**Your objective:** Search the material below for "Rabbit" and copy every line where it occurs.

**Source data:**
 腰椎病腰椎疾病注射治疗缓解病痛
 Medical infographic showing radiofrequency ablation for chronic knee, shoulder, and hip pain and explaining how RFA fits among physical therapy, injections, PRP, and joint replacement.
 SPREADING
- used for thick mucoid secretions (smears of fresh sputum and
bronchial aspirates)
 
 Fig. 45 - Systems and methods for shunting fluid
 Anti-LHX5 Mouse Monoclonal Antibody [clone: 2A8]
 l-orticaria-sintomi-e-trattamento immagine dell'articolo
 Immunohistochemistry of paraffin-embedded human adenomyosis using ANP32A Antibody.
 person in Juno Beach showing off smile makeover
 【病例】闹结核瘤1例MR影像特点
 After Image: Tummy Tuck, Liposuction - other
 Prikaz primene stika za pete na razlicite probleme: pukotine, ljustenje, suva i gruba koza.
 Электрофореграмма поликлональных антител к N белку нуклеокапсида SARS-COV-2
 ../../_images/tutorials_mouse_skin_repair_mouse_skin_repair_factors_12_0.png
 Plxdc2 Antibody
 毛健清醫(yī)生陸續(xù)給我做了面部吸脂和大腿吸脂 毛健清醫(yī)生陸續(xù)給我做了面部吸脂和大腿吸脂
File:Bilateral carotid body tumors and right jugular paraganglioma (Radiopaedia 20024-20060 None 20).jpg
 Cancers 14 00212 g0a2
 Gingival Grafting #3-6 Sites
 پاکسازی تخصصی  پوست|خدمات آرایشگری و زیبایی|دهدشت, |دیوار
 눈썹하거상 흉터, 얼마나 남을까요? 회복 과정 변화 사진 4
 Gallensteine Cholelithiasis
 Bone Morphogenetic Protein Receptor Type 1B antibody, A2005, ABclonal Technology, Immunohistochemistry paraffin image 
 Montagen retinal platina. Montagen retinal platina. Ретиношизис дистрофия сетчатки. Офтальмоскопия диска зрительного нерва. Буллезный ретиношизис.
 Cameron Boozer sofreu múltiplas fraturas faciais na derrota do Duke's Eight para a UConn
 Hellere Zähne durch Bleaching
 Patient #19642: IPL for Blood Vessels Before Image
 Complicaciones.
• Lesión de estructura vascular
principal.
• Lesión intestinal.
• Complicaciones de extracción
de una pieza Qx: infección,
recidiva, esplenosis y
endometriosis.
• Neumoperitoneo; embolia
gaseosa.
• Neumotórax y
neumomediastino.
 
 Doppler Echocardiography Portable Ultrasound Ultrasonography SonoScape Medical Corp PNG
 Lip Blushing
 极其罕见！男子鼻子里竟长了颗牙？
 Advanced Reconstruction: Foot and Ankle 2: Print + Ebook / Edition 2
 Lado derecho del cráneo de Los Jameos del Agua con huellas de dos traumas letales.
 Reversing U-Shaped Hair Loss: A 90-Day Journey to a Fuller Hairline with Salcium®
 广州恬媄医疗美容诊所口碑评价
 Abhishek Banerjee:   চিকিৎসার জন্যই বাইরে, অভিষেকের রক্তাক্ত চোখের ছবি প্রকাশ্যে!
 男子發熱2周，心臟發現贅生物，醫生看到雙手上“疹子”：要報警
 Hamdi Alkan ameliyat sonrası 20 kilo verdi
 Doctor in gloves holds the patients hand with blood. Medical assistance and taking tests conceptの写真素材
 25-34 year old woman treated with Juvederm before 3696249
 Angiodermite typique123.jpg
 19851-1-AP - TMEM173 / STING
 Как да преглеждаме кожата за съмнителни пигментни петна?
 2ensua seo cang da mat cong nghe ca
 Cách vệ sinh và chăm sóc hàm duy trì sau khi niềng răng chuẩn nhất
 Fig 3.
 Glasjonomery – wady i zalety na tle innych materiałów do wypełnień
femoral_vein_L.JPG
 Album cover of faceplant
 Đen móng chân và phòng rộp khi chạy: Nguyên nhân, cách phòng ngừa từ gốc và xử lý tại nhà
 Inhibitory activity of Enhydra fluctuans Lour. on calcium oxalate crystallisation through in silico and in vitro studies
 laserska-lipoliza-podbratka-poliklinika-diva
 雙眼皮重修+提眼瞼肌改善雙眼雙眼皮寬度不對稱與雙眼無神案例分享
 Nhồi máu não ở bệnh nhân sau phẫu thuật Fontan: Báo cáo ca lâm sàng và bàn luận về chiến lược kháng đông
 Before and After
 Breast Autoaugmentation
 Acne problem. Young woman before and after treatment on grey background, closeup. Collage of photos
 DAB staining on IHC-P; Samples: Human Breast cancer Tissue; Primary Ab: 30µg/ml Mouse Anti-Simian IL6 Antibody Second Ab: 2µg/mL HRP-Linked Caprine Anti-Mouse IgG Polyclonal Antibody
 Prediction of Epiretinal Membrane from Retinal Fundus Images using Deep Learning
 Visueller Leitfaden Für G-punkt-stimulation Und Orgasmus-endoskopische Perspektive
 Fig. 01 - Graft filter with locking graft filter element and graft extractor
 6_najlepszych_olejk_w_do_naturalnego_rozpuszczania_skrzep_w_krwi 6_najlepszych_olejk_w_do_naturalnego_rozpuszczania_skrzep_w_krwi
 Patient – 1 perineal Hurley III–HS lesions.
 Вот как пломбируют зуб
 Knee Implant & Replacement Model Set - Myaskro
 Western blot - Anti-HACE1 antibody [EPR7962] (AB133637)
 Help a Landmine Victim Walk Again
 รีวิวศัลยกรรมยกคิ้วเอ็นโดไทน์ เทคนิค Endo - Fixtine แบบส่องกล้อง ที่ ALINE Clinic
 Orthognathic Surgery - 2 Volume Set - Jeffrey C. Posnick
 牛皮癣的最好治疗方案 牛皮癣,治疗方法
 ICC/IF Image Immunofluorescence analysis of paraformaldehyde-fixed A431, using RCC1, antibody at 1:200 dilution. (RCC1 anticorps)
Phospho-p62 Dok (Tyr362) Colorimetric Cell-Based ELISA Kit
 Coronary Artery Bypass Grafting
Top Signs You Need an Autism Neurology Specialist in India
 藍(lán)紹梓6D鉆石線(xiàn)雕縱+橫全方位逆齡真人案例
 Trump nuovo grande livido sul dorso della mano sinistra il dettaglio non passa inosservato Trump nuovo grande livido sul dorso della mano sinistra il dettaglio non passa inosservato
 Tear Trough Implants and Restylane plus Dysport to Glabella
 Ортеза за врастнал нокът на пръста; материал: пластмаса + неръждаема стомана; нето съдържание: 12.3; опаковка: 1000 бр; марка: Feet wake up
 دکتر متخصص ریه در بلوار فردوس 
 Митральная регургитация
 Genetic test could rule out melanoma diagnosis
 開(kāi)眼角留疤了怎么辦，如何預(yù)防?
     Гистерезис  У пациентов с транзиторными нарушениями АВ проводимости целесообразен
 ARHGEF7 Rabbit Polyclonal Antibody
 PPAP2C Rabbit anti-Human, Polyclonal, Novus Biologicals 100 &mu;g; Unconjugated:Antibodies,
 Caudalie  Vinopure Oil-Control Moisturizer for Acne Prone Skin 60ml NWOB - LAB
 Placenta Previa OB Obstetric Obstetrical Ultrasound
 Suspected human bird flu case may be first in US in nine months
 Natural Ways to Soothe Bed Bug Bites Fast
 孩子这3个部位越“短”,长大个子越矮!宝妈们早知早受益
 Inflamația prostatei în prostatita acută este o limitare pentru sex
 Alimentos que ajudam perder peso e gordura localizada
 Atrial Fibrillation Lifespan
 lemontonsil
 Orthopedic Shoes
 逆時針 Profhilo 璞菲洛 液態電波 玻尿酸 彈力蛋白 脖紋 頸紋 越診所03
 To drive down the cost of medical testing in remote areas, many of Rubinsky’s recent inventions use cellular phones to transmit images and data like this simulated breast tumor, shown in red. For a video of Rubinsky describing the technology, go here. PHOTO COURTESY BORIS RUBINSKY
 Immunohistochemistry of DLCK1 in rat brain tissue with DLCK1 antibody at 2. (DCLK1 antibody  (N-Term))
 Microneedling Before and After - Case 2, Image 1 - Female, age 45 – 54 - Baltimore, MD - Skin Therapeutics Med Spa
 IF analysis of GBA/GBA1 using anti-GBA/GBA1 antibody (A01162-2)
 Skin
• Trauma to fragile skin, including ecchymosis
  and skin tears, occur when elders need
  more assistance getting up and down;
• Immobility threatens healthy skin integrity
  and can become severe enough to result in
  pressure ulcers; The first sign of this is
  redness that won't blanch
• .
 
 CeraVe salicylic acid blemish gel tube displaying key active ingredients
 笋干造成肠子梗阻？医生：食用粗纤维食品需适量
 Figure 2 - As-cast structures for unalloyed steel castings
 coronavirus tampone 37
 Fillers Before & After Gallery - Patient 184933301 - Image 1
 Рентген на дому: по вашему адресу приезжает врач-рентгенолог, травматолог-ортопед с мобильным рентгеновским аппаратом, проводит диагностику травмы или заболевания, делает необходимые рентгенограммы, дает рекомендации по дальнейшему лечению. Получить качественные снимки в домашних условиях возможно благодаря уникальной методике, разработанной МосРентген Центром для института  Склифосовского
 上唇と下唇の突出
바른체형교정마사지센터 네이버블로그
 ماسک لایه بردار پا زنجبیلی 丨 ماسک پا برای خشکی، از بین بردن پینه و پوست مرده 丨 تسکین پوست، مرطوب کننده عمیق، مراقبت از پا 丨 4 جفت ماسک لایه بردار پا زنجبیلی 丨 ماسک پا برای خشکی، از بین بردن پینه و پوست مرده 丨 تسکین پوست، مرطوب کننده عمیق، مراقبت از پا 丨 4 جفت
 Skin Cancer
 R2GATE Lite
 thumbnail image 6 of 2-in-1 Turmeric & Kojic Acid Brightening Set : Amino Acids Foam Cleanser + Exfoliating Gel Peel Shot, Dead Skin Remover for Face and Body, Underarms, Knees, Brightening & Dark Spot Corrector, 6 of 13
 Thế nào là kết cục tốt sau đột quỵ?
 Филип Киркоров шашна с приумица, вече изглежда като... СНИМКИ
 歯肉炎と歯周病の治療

**Solved problem:**
 ARHGEF7 Rabbit Polyclonal Antibody
 PPAP2C Rabbit anti-Human, Polyclonal, Novus Biologicals 100 &mu;g; Unconjugated:Antibodies,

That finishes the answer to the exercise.